Some key points that I’ll explore further:

  • Everyone experiences anxiety – this is “Normal”, and most people have an exaggerated sense that they are an exception when they aren’t
  • Anxiety encompasses stress and worry, but also ambition and happiness; indeed “a life that was anxiety-free would also be bereft of wonder, enthusiasm and excitement.”
  • Worrying about worrying is one of the most prevalent forms of non-useful anxiety in work. It distracts us from productive activity but many people see virtue in it because they equate it with caring

Anxiety has an everyday, colloquial meaning as well as a technical, psychological one, and as is often the case when this happens there are some fairly big differences. The latter definition is broader and sees anxiety as a core building block of the human experience that encompasses both good / pleasurable / helpful aspects as well as bad / unpleasant / unhelpful aspects. The everyday meaning covers only the second category of negative emotions. Wonder, enthusiasm and excitement are desirable feelings but most people don’t see them as the flip side of “bad” anxiety, but rather as a separate category of experience.

The diving board

When I was young I liked to go to the swimming pool at the local leisure centre, not so much for the swimming but for the diving boards (there were several stacked up in ascending height). I wasn’t the only one, there was always a queue to get on and what I experienced every time I visited standing in that queue for the first time, was almost overwhelming dread and fear.

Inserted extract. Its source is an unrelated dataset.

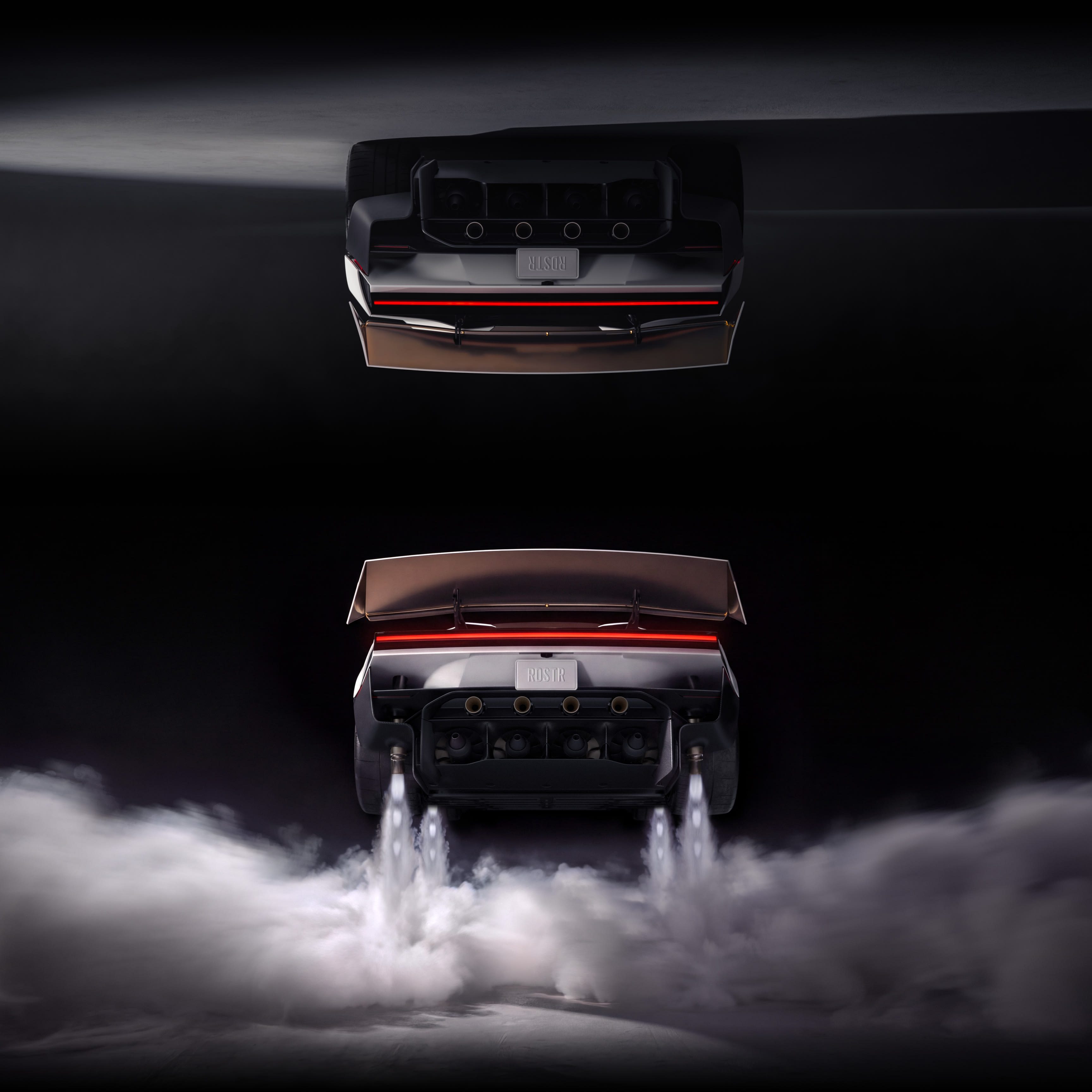 Tesla Roadster with cold-gas thrusters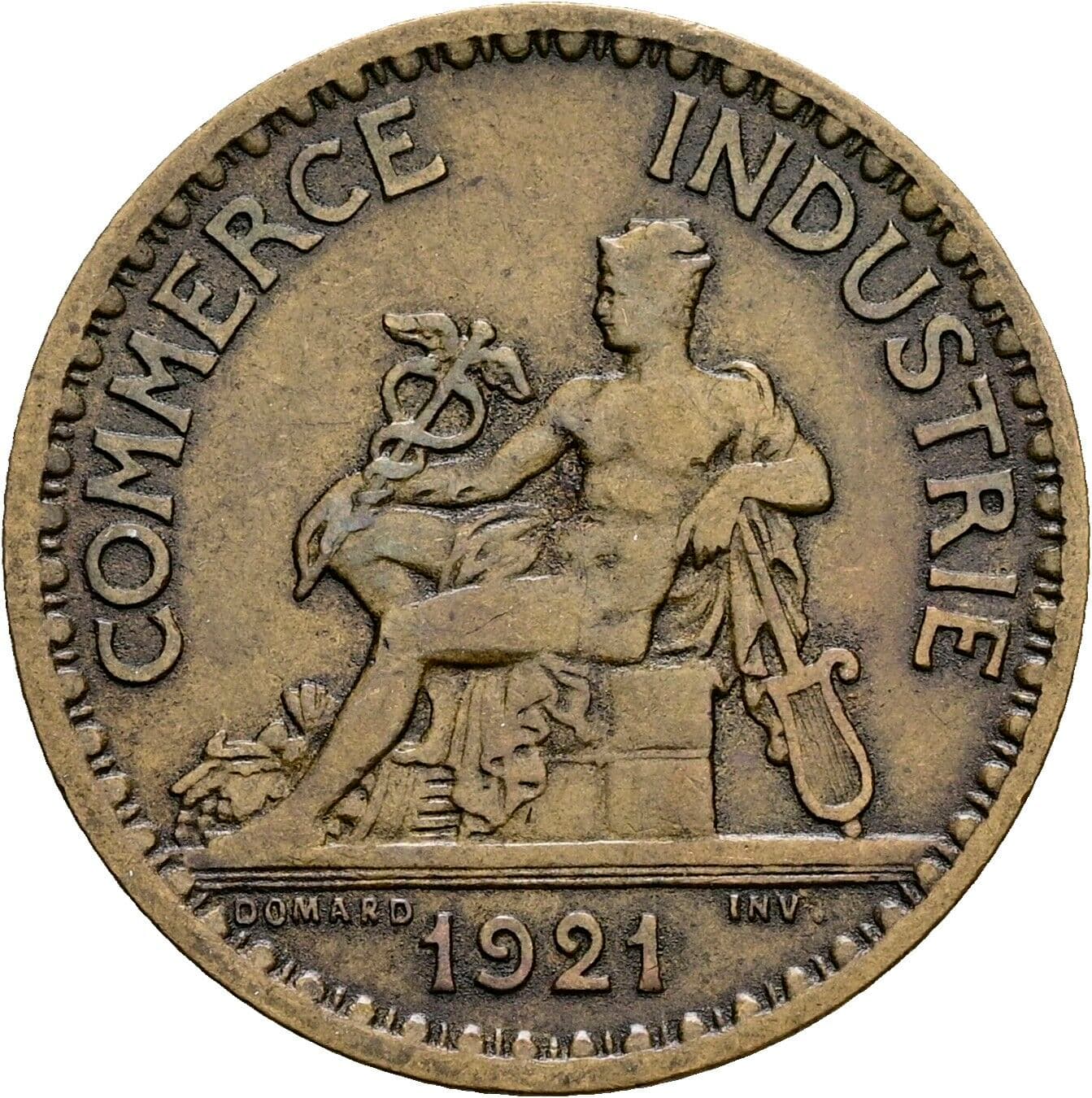 1 Franc 1921 – Rückseite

This was the anxiety of anticipation. What I was anticipating was something both mortal and publicly-shaming (a powerful combination for an eight year-old) and as I shuffled further up the queue the sense got worse. To the point where, by the time I got to the diving board I was half-inclined to suffer the humiliation of climbing back down the ladder and walking away. But instead I would run and bounce off into potential oblivion and as I did so the horror transformed into delight as I went through the air into the water and experienced the sense of freedom and excitement that motivated me to go there in the first place.

After that first one I was totally fine, the bubble of worry had been burst by my recent experience and I was running up the ladder all day long.

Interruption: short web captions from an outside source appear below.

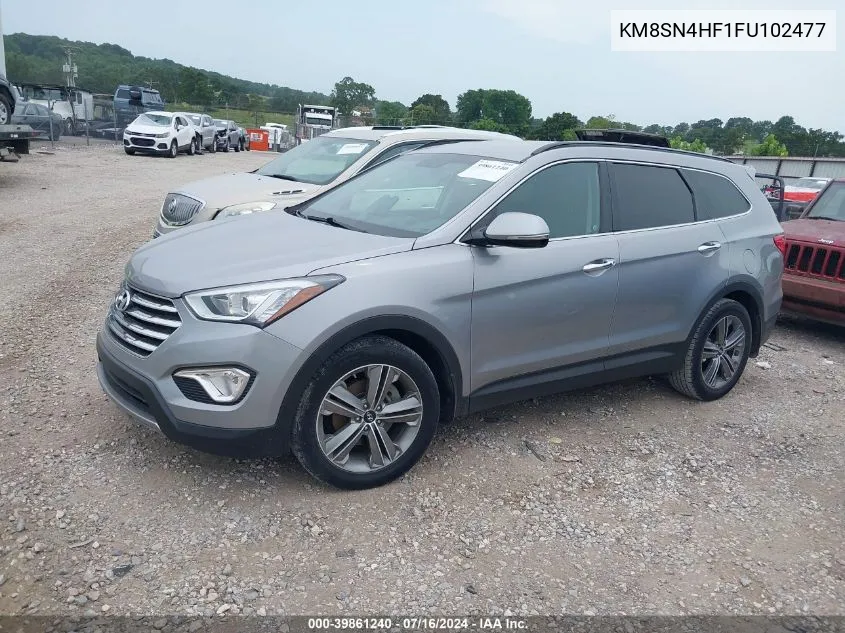 2015 Hyundai Santa Fe Gls VIN: KM8SN4HF1FU102477 Lot: 39861240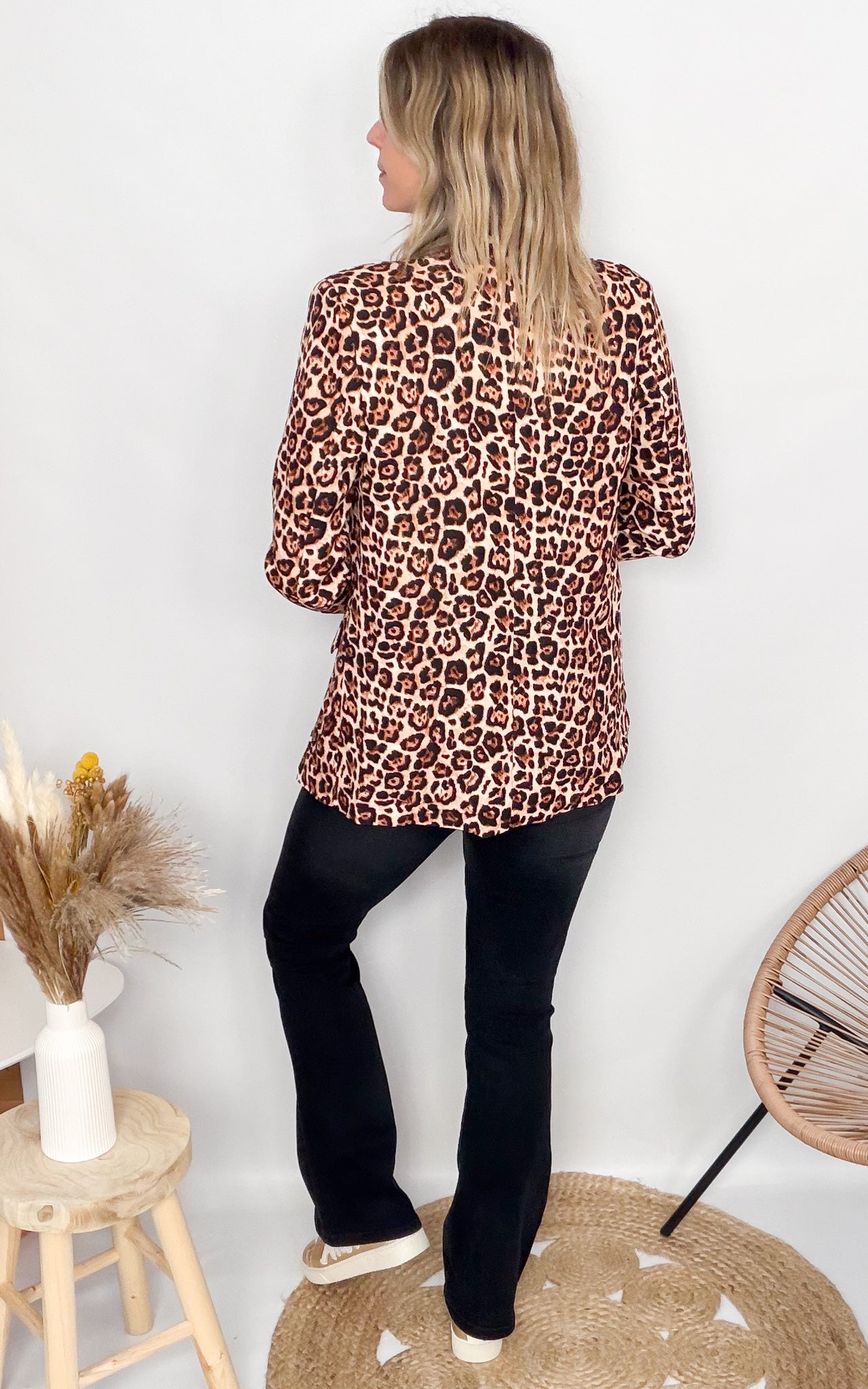 Blazer imprimé léopard femme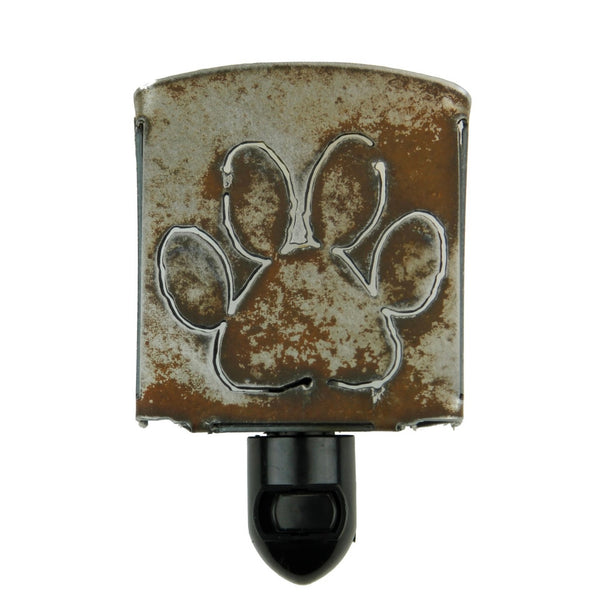 Rustic Dog Paw Nightlight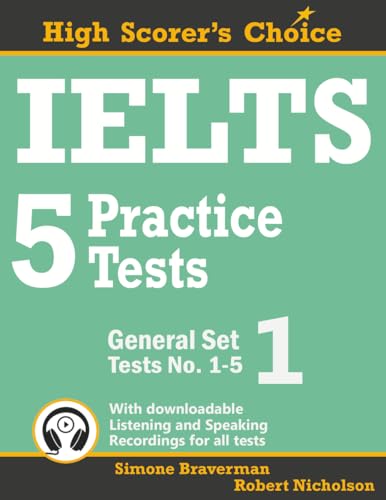IELTS 5 Practice Tests, General Set 1: Tests No. 1-5 - Paperback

These are the two sides of anxiety and it is part of the peculiar nature of our existence that the one reinforces the other, what Søren Kierkegaard referred to as “the dizziness of freedom”.

The psychologist Roland May is the founder of modern analysis of anxiety, and drew an important distinction between Normal anxiety and Neurotic anxiety. He saw anxiety as the natural, healthy and useful response we have to new or changed circumstances. Until we have incorporated this change into our outlook there is tension. In the example above this tension was resolved through experience (jumping off the diving board) leading to a new balanced equilibrium between expectation and reality. (Until the next visit to the swimming pool when the anxious anticipation had again to be tempered by experience).

Normal anxiety is anxiety that is proportional to a perceived threat. Neurotic anxiety is disproportional or exaggerated. If you’re stuck in traffic and likely to be late for a meeting you may experience some Normal anxiety as you anticipate the potential consequences. If the meeting is very important and with someone you know values timeliness the tension could be quite high – say it was a pitch for new business, you might not get the job.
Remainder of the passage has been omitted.